Heidi Urness, a member (partner) at McGlinchey Stafford, said she’s “often called a dream killer” with respect to advising businesses on starting up marijuana operations. But she said it’s important that they enter the process understanding challenges ranging from the heavy cost of security (and potential security violations tagged by regulators) to banking limitations (cannabis is a largely cash business because of banking regulations) and the potential down the road for business breakups.

Because marijuana still is illegal at the federal level, Chapter 11 isn’t an option for failing operations, which have to use state courts instead.

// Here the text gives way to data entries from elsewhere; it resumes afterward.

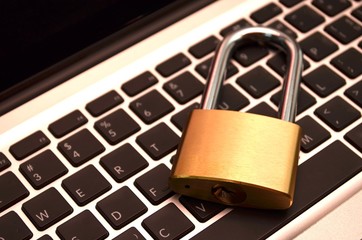 A padlock on keyboard. Data security and protection.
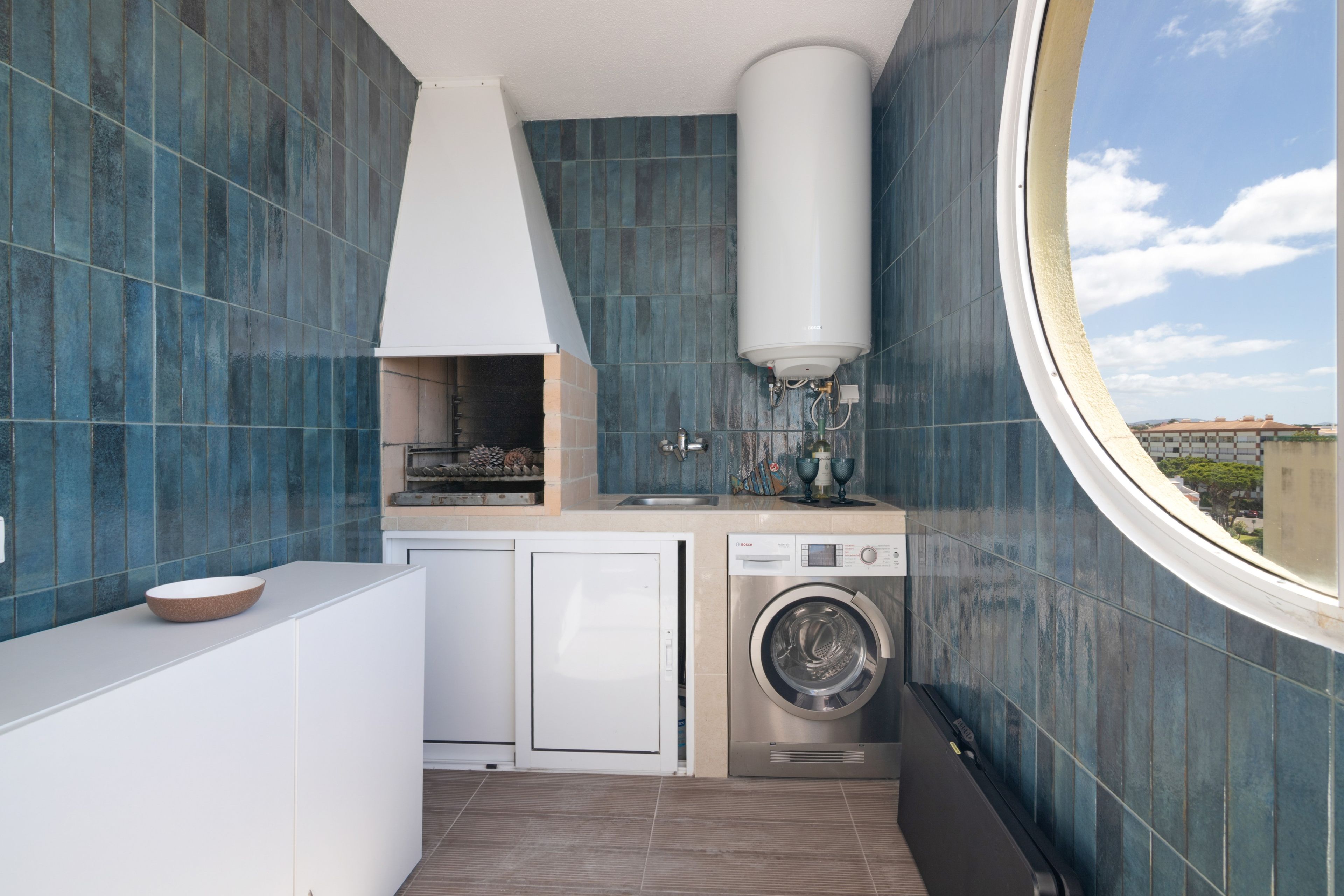 A compact kitchen with a built-in oven, a washing machine, and a window overlooking a cityscape.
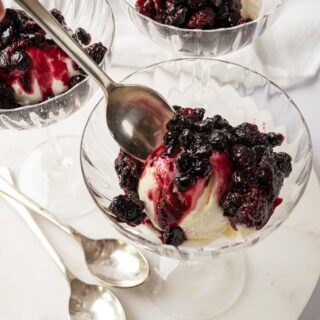 bowl of roasted summer berries over ice cream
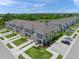 New townhome community featuring manicured landscaping, sidewalks, and ample parking near a lake and green space at 15051 Ginetti St, Nokomis, FL 34275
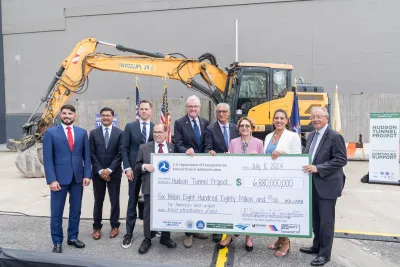 Elected officials pose after conclusion of celebration for full funding for Hudson Tunnel Project at construction site in New York on July 8, 2024.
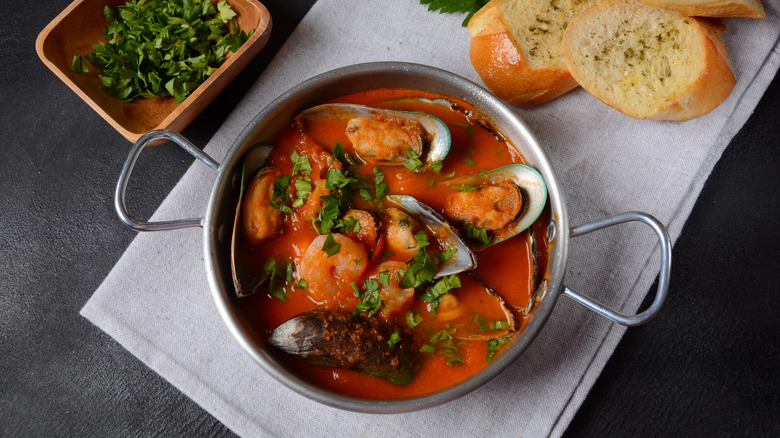 French seafood bouillabaisse stew in an iron pot with bread
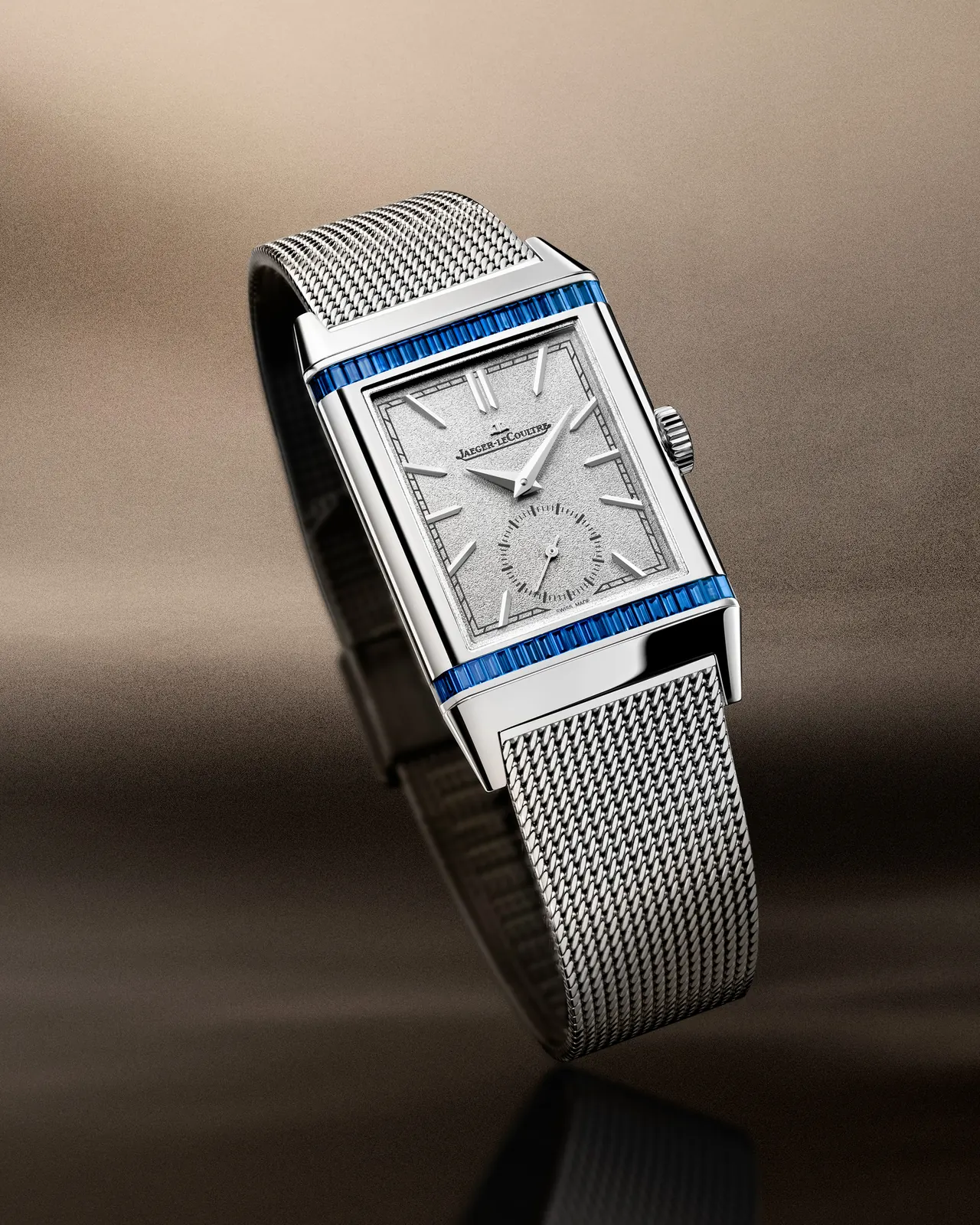 Reverso Or Deco collection with coloured gemstones on Milanese bracelet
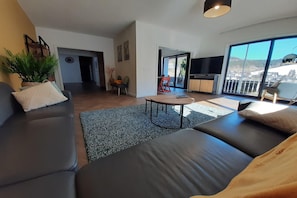 Uma sala de estar moderna com um sofá, uma mesa redonda pequena e vista para o exterior.
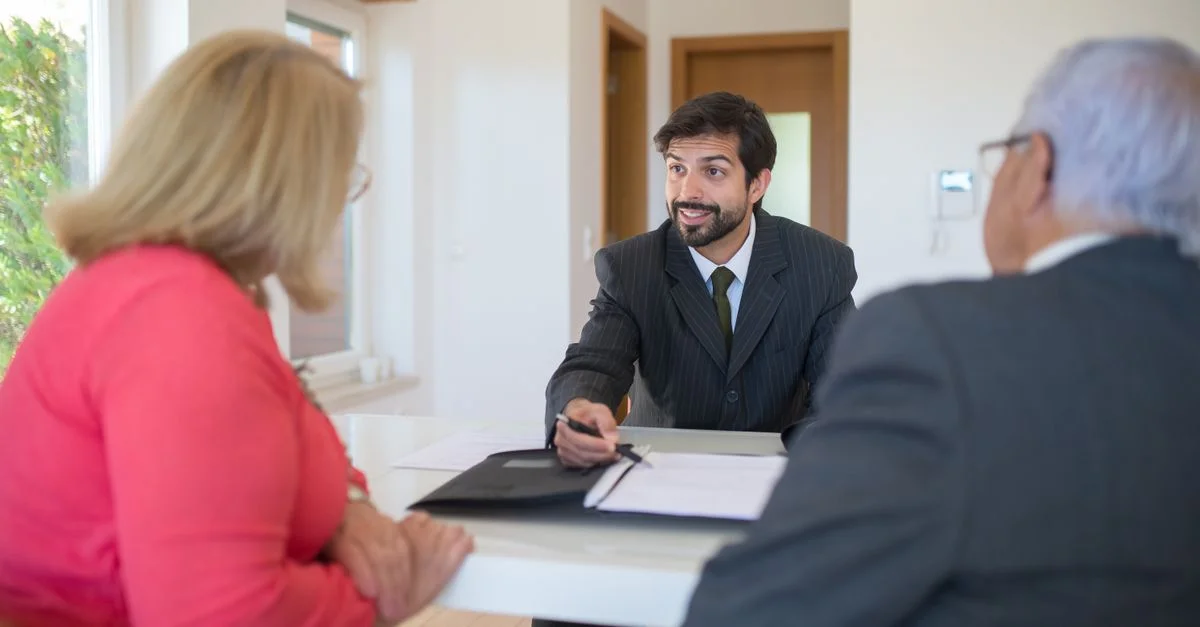 Un agent immobilier discutant d'un contrat avec des clients seniors dans un bureau.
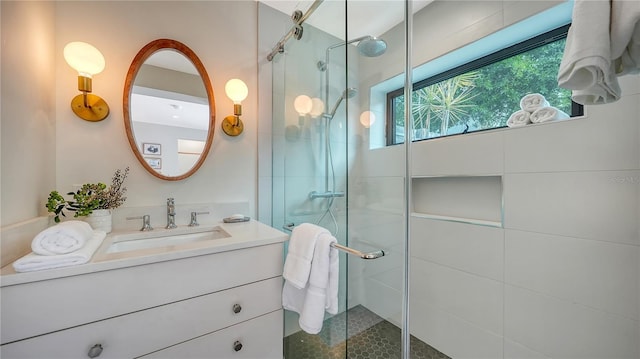 bathroom with vanity and a shower with door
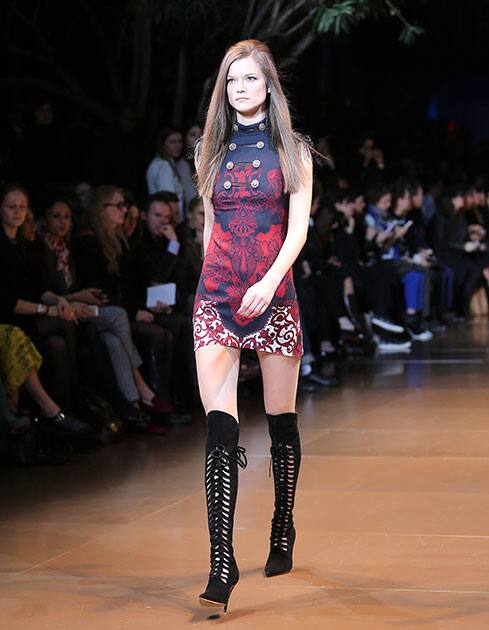 A model wears a creation for Versace women`s Fall-Winter 2014-15 collection, part of the Milan Fashion Week, unveiled in Milan, Italy.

“If you can’t talk about these things when times are good, you definitely can’t do it when they’re rough,” she said.

McGlinchey maintains a blog called Green Leaf Brief that provides updates on laws, regulations and trends for cannabis-related businesses

Questions of social equity

During a panel moderated by Debra Borchardt, co-founder and executive editor at Green Market Report, a Crain Communications brand, the topic of social equity as it relates to Ohio’s future in cannabis was examined.

Ally Reaves, owner and CEO, Midwest CannaWomen, and Jeane’ Holley, director of government affairs and public relations, Harvest of OH, tackled topics ranging from criminal record expungement and those disproportionately impacted by the War on Drugs to the importance of diversity within Ohio’s emerging cannabis industry.

“You want your companies to look like your customer base and within cannabis, it’s a very broad customer base,” Borchardt said.

How to incorporate social equity measures has been a point of debate as details are developed for Ohio’s cannabis industry post-issue 2.